In my shop, I had a Mitts & Merrill keyseater, the next to the smallest model which can cut up to a 1-1/4" keyseat 12" through the bore; not a bit like the Morrison, a single tooth cutter is pulled through a slot in the post that the work is mounted on and there is a wedge behind the cutter that both relieves the cut on the up stroke and feeds the cutter out at each subsequent cut; one cranks the feed out until a small chip is removed at each side of the cutter, then a scale is set to zero with an indicating arrow, then a hard stop is set and the ratchet pick set at whatever feed is appropriate and start and run until finished depth is reached.  Nowadays, I have broaches for ordinary work and a 6" Pratt & Whitney vertical shaper (slotter) and a slotting attachment for my B&S mill AND, I can still go back to my old shop and use the Mitts & Merrill if need be.
Since the cutter rides in a slot in the post of the keyseater, there can be no deflection of the bar as with the Morrison and chatter is unknown and the part being keyseated is always centered on its bore and not by its OD.


----------



## Wreck™Wreck (Jun 12, 2017)

benmychree said:


> In my shop, I had a Mitts & Merrill keyseater, the next to the smallest model which can cut up to a 1-1/4" keyseat 12" through the bore; not a bit like the Morrison, a single tooth cutter is pulled through a slot in the post that the work is mounted on and there is a wedge behind the cutter that both relieves the cut on the up stroke and feeds the cutter out at each subsequent cut; one cranks the feed out until a small chip is removed at each side of the cutter, then a scale is set to zero with an indicating arrow, then a hard stop is set and the ratchet pick set at whatever feed is appropriate and start and run until finished depth is reached.  Nowadays, I have broaches for ordinary work and a 6" Pratt & Whitney vertical shaper (slotter) and a slotting attachment for my B&S mill AND, I can still go back to my old shop and use the Mitts & Merrill if need be.
> Since the cutter rides in a slot in the post of the keyseater, there can be no deflection of the bar as with the Morrison and chatter is unknown and the part being keyseated is always centered on its bore and not by its OD.

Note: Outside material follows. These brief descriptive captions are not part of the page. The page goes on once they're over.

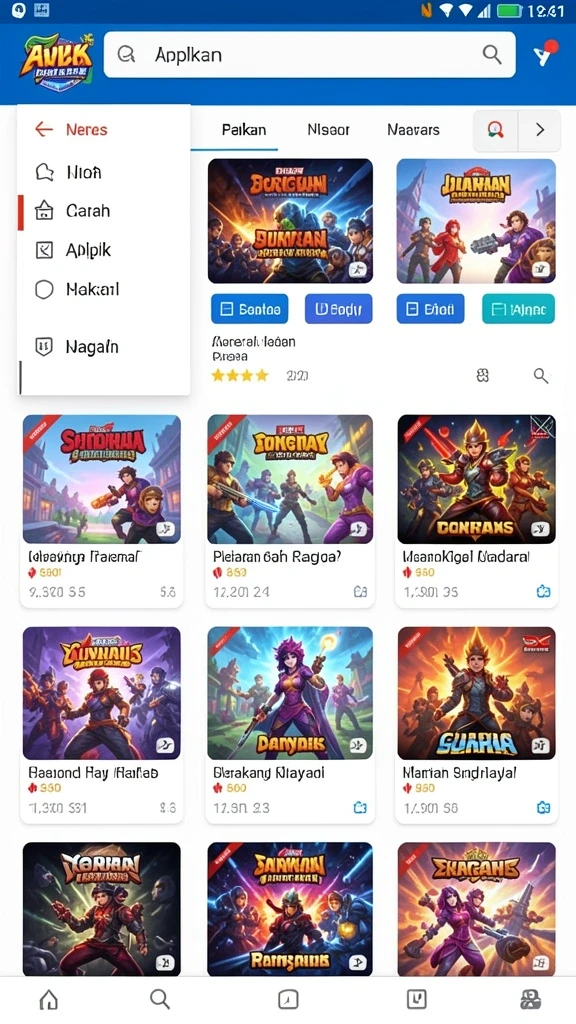 Screenshot sinartogel nomor 1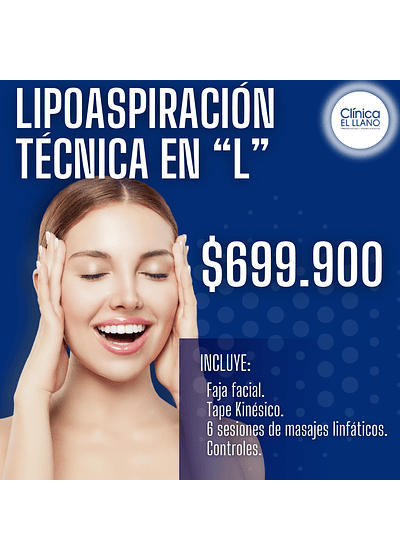 Lipoaspiración Técnica en “L”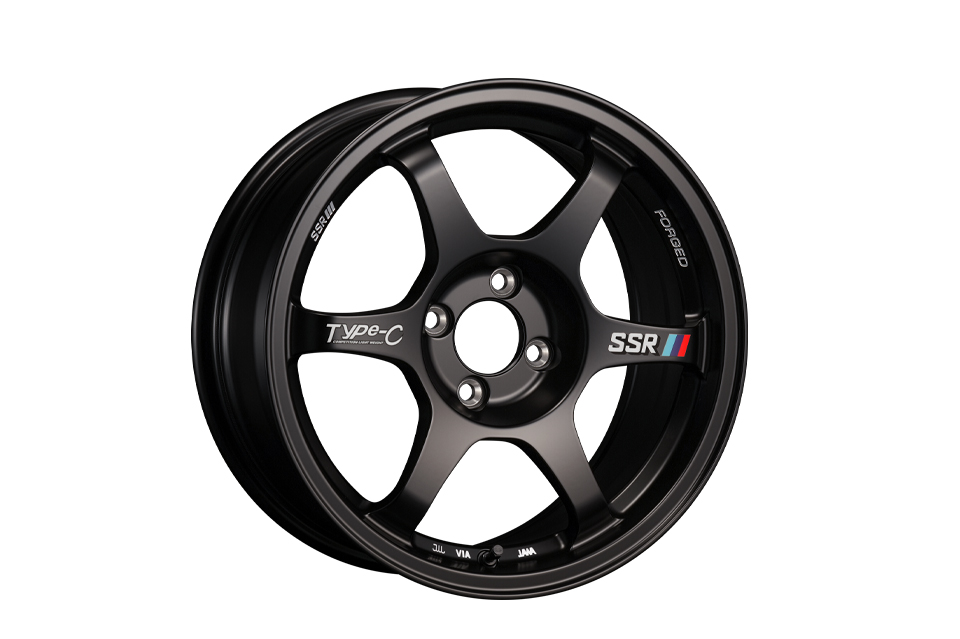 ホイールのトータルメーカー SSR｜純正にはできないホイールをカタチに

Sounds like a better way to me, I hate that Morrison a good deal.


----------



## benmychree (Jun 12, 2017)

I think the only good point of the Morrison is that it uses tool bits for cutters, much cheaper than the M&M, but I was able to find a lot of cutters cheaply at a used machine tool dealer that I knew well, and I had bought the machine from him, knowing that as tooling came along I'd be first in line for it.  Another thing I did not mention is that the way parts are located by their bores, the ends of the part do not have to be even faced off.  The biggest models that they made could cut, I think, 4" wide keyseats 4 ft. through.  The shop that I apprenticed had one that could cut 2" wide X 24" through


----------